▸ **Material to process**:

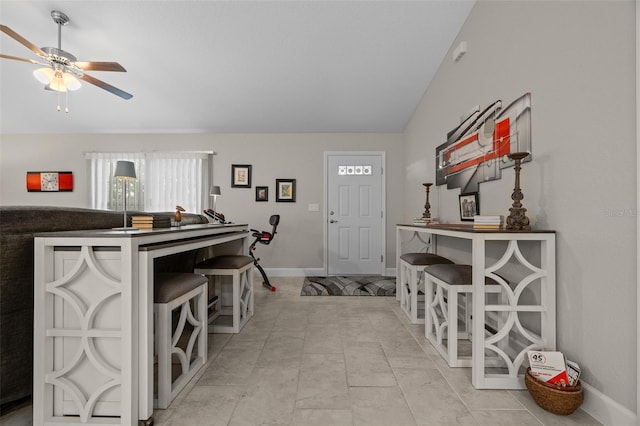 7886 SW 103rd Loop, Ocala, FL 34476 - interior space with a ceiling fan, vaulted ceiling, and baseboards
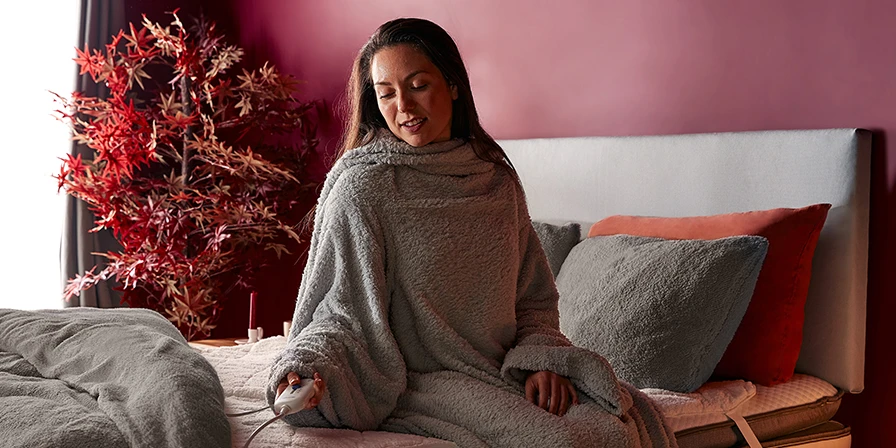Woman wrapped up in a snugsie with fleece bedding and a warm electric blanket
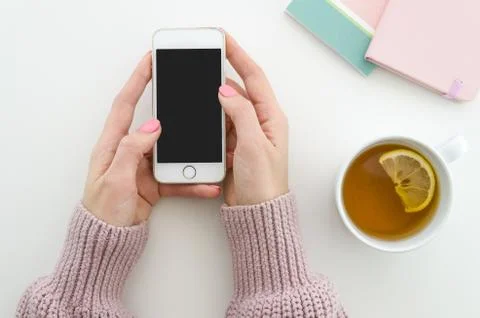 Flat lay. Female hands hold smartphone, cup of tea with lemon and notepads on Stock Photos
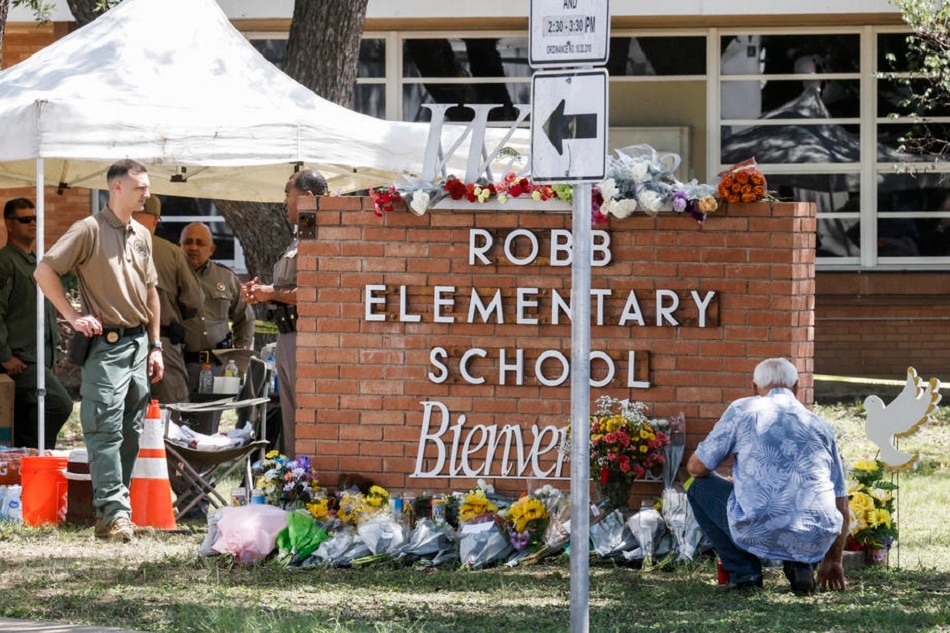A man kneels by a memorial of flowers at the scene of a mass shooting at the Robb Elementary School in Uvalde, Texas, May 25, 2022. Tannen Maury, EPA-EFE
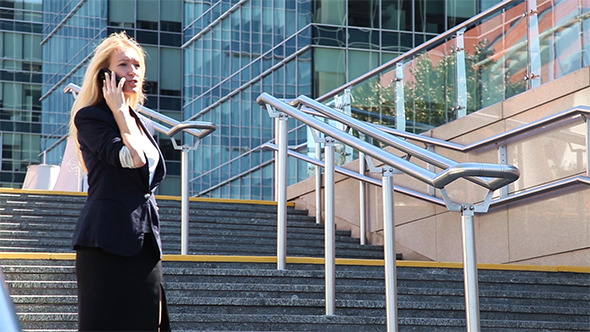 Business Woman Standing on The Stairs And Talking  alt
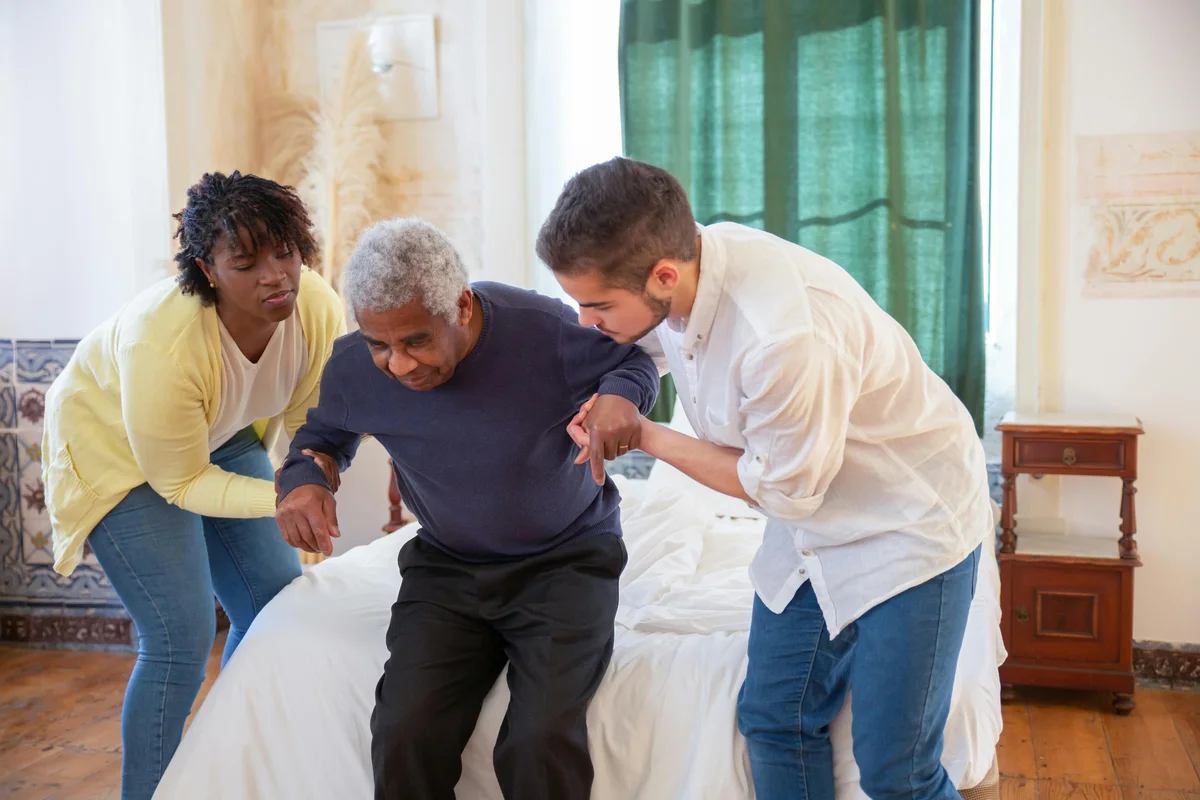 Occupational therapist conducting a home assessment with an elderly client in their living room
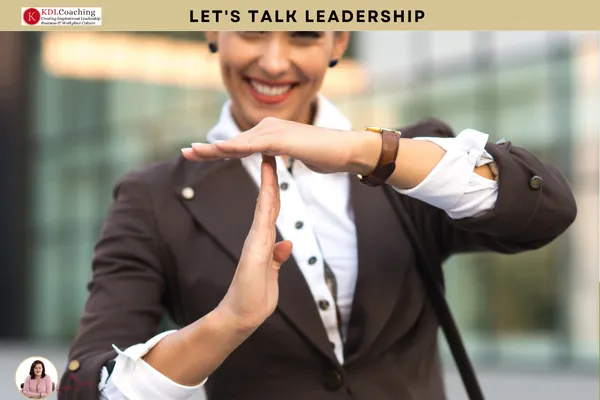 Smiling businesswoman making a time-out sign with her hands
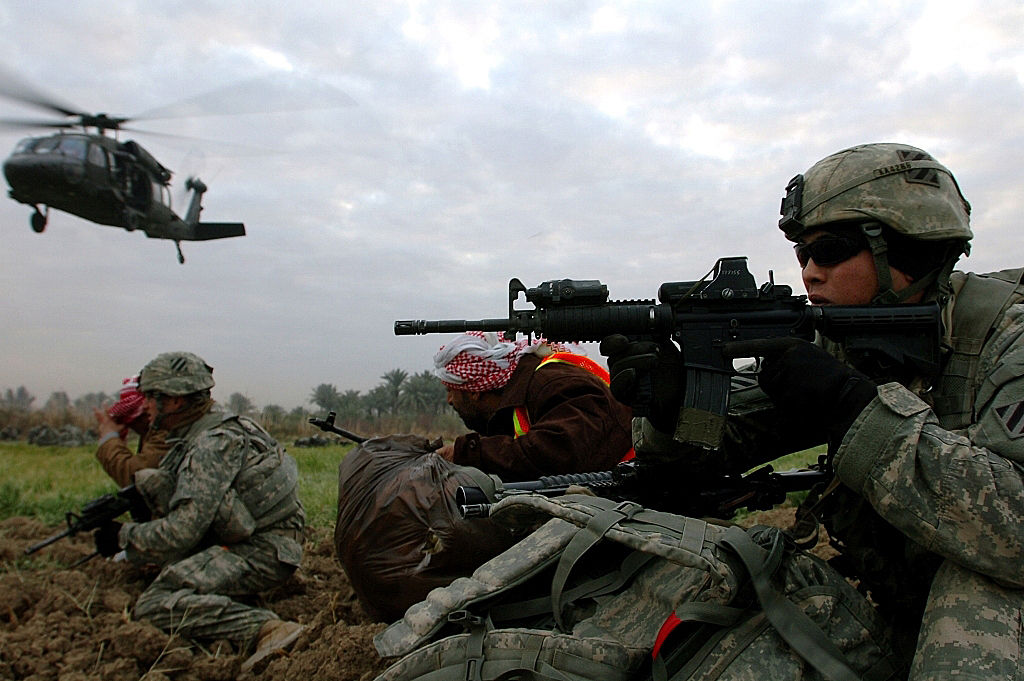 U.S. Army Private First Class Kenneth Armbrister scans for enemy activity during surge operations in Arab Jabour, Iraq.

▸ **What is needed**:
Only the pictures are to be omitted; restate everything else above exactly.

▸ **Solution for this task**:
 7886 SW 103rd Loop, Ocala, FL 34476 - interior space with a ceiling fan, vaulted ceiling, and baseboards
Woman wrapped up in a snugsie with fleece bedding and a warm electric blanket
 Flat lay. Female hands hold smartphone, cup of tea with lemon and notepads on Stock Photos
A man kneels by a memorial of flowers at the scene of a mass shooting at the Robb Elementary School in Uvalde, Texas, May 25, 2022. Tannen Maury, EPA-EFE
 Business Woman Standing on The Stairs And Talking  alt
 Occupational therapist conducting a home assessment with an elderly client in their living room
 Smiling businesswoman making a time-out sign with her hands
 U.S. Army Private First Class Kenneth Armbrister scans for enemy activity during surge operations in Arab Jabour, Iraq.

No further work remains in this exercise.